Baseline ICT-Management
De Raad voor Rechtsbijstand voldoet op de meeste punten die genoemd staan in de Baseline ICT-Management. Ten aanzien van punten waarop de Raad van de Baseline afwijkt volgt hieronder een nadere toelichting. 0.5
De CIO stelt tenminste eens per drie jaar vast welk volwassenheidsniveau het ICT-Management en de Informatievoorziening dient te hebben, wat het huidige volwassenheidsniveau is en op welke wijze het verschil overbrugd zal worden. Het volwassenheidsniveau is nog niet in een monitor conform Cobit opgenomen.
1.1
Er is een actueel, door de hoogste bestuurders goedgekeurd informatieplan met een scope van minimaal 3 jaar.

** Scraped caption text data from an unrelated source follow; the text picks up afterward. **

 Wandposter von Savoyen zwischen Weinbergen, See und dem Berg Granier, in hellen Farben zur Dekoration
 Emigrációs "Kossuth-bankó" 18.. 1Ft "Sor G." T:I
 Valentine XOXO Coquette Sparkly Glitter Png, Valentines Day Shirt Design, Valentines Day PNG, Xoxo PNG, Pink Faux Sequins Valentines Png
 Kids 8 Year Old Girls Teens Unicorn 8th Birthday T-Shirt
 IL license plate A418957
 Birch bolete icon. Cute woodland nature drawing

In 2012 is een Enterprise Architectuur (EA) opgesteld, die goedgekeurd is door het bestuur van de Raad voor Rechtsbijstand. De EA is gedeeld met I-Control van het Ministerie van Veiligheid en Justitie. De vereiste actualisering zal in 2016 aandacht krijgen. Rijksbrede werkwijze risicobeheersing projecten met een grote ICT component Voor projecten met een investering van 1 miljoen euro of meer, wordt er gerapporteerd naar I-Control van het Ministerie van Veiligheid en Justitie. Op dit moment wordt vanuit de Raad gerapporteerd over het programma IDEA waarvan de initiële investeringen waren ingeschat onder de 5 miljoen euro. Bovendien is de risicobeheersingsmatrix ingevuld en aangeleverd aan het Ministerie. Hieruit bleek dat het programma niet tot de categorie “risicovolle projecten” behoort. In 2015 is het investeringsbudget opgehoogd, waardoor het programma boven de gestelde norm van 5 miljoen euro uitkomt. Vanaf 1 januari 2016 zal overeenkomstig de gestelde eisen voor dergelijke programma’s en projecten worden gerapporteerd. Baseline Informatiebeveiliging Rijksdienst (BIR) Door de Raad voor Rechtsbijstand is een Informatiebeveiligingsbeleid vastgesteld. Dit beveiligingsbeleid is geënt op de BIR. Eind 2014 heeft met het Ministerie overleg plaats gevonden over het informatiebeveiligingsbeleid van de Raad en wat de Raad zou moeten doen om volledig aan de BIR te voldoen. De conclusie was dat het informatiebeveiligingsbeleid op een aantal punten afwijkt van de BIR, maar dit geen aanleiding is om hier veranderingen in aan te brengen. In 2016 zal worden bezien of er noodzaak bestaat om het informatiebeveiligingsbeleid van de Raad te actualiseren. Baseline Informatiehuishouding Rijksoverheid De Raad voor Rechtsbijstand heeft nog geen self-assessment uitgevoerd op de Baseline Informatiehuishouding Rijksoverheid. Een quick scan leert dat de Raad voor Rechtsbijstand voldoet aan de uitgangspunten. In 2016 zal een self-assessment worden uitgevoerd op de Baseline Informatiehuishouding Rijksoverheid.